■ PROBLEM STATEMENT ■
Output everything in the data exactly, leaving the pictures out.

■ DATASET CONTENT ■
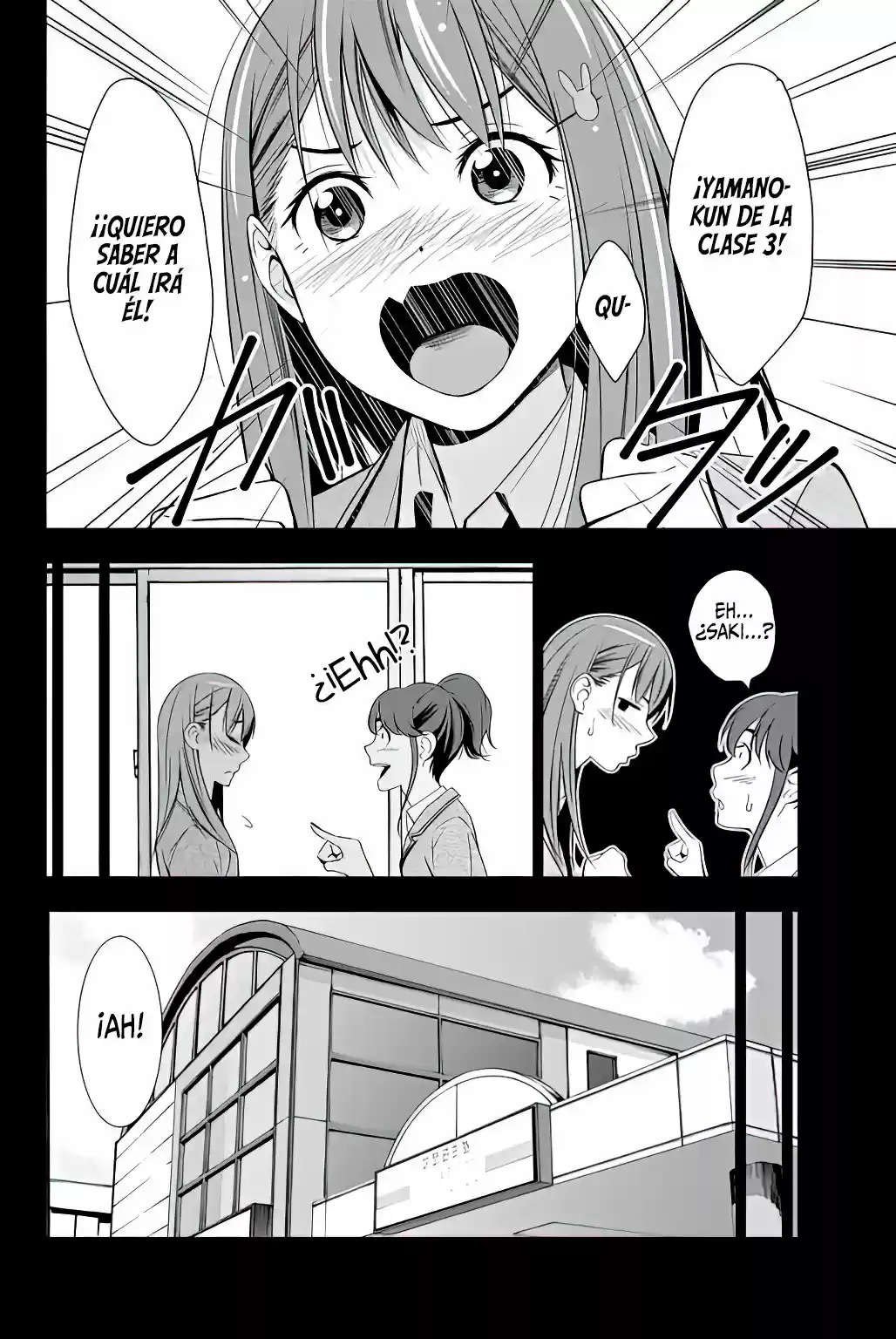 Kimi Ga Shinu Natsu Ni - Capítulo 10 - Página 8 - LectorTMOo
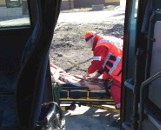 Kierowca autobusu z Tarnobrzega uratował  życie jednej z pasażerek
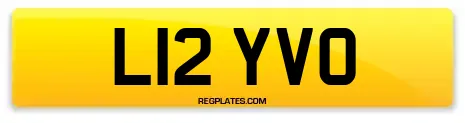 L12 YVO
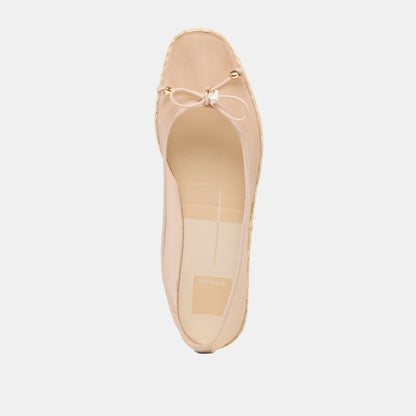 Dolce Vita SHOES Tianna Mesh Blush Mesh Ballet Flats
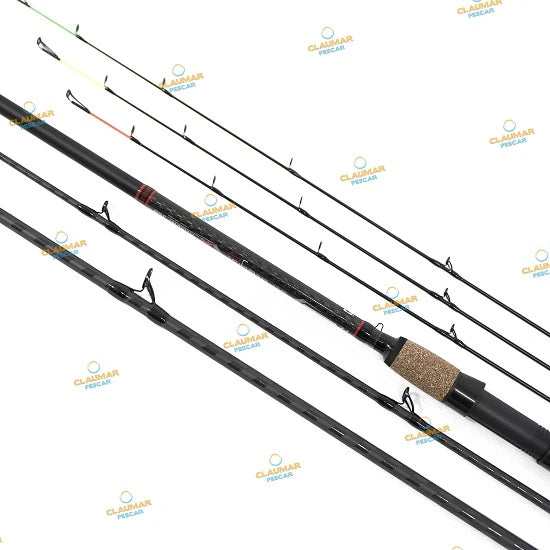 Lanseta Feeder Fl Flx River 3.90m/100-250gr/3seg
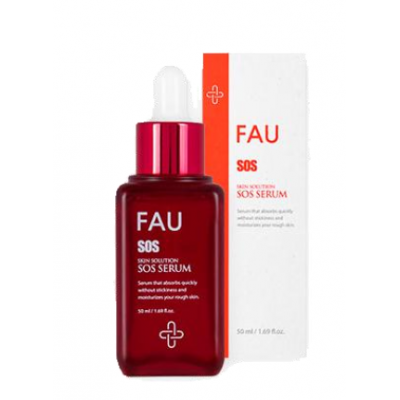 FAU Відновлювальна сироватка Skin Solution SOS Serum 100 мл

■ WRITTEN SOLUTION ■
 Kimi Ga Shinu Natsu Ni - Capítulo 10 - Página 8 - LectorTMOo
 Kierowca autobusu z Tarnobrzega uratował  życie jednej z pasażerek
 L12 YVO
 Dolce Vita SHOES Tianna Mesh Blush Mesh Ballet Flats
 Lanseta Feeder Fl Flx River 3.90m/100-250gr/3seg
 FAU Відновлювальна сироватка Skin Solution SOS Serum 100 мл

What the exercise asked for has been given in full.